Project update 1 of 9
Hello backers!
Thanks for all the great support so far, and please keep sharing the campaign. We’ve received good interest so far, but want to make sure we maintain the momentum. As noted on the campaign page, we’re in the very final editing stages with layout etc. For fun, below is a sample of a couple pages within the book, that we’re excited to share with you!
We’ll send a couple more pages every week throughout the remainder of the campaign, and we’ll also be posting some really great commentary on Mike from a few of his friends and contemporaries Including the piece below from Colin Meloy of the Decemberists!
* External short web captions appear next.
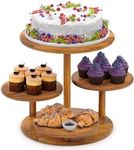 HURZMORO 4 Tier Round Cupcake Tower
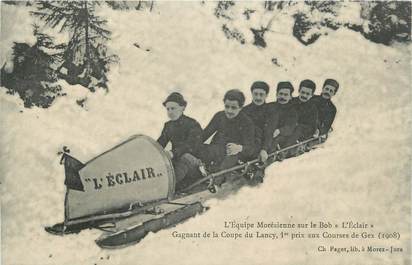 CPA FRANCE 01 " Gex, sport d'hiver "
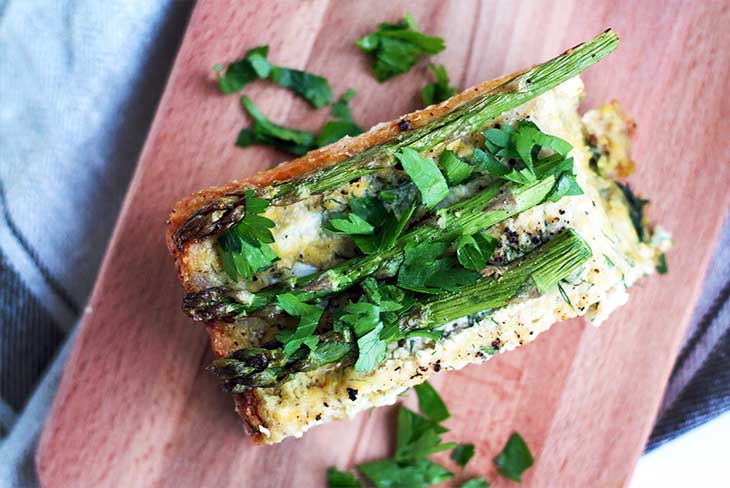 Vegan Crustless Asparagus Quiche french cuisine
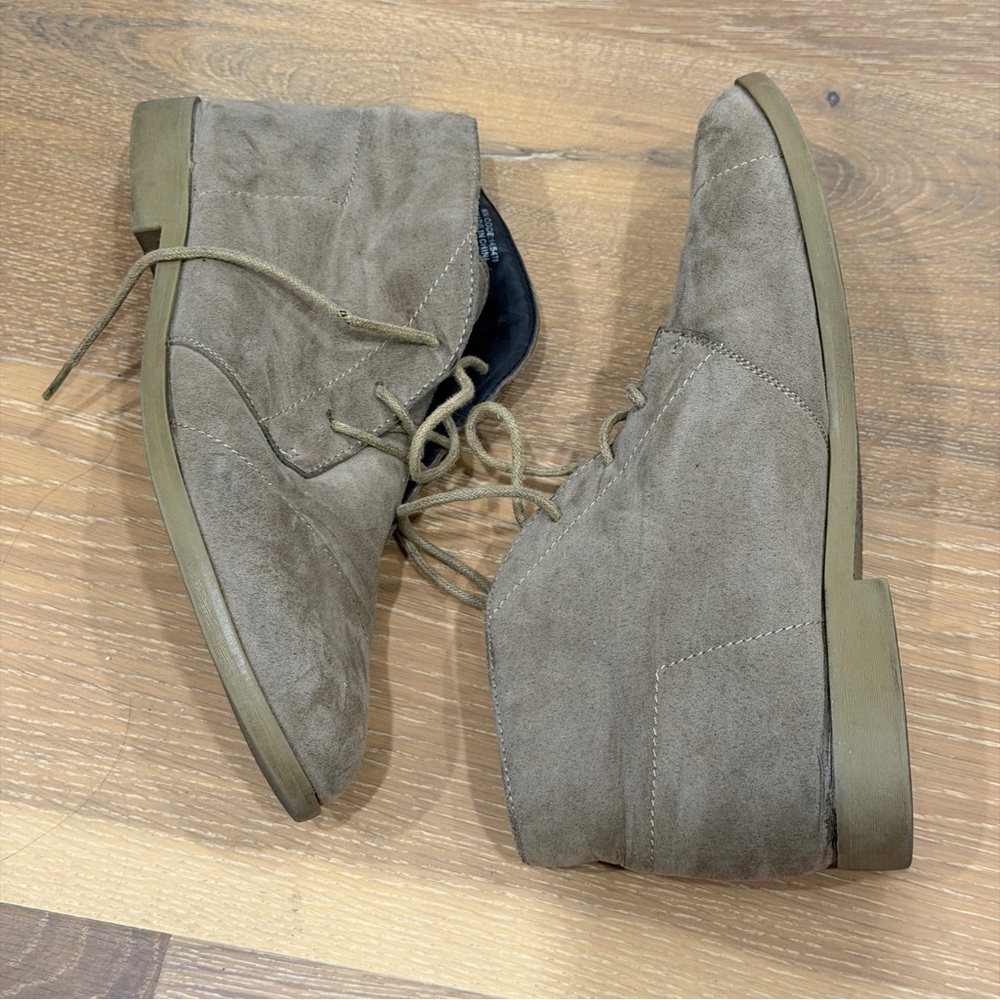 Primark Taupe Suede Lace-Up Desert Boots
The rock posters Portland artist Mike King started making in 1977 were never meant to be considered works of art. They were meant to be stapled to telephone poles and taped to bathroom mirrors in bars—fast, inky visuals that emulated the punk shows they advertised. Now, nearly four decades later, King is in contention for the nonexistent title of Most Prolific Rock Poster Artist in the world, having created more than 5,000 posters for rock shows at some of the Northwest’s most legendary venues and beyond. Maximum Plunder reproduces more than 1,000 of those posters and reflects on higher notions of art applied to one of its most down-to-earth mediums.
“In high school, I papered the walls of my room with rock posters I’d taken from Portland and Seattle telephone poles. Hüsker Dü at Pine Street. Camper Van Beethoven at the Moore. B-52s at the WOW Hall in Eugene. Shows I hadn’t seen; shows I could only imagine seeing. There was a common denominator to those posters, though. They were mostly designed by Mike King. His thumbprint is as heavily laid on the Northwest music scene as any band that started up here. And he’s outlasted most of them.”
— Colin Meloy, founding member of The Decemberists and author of The Wildwood Chronicles.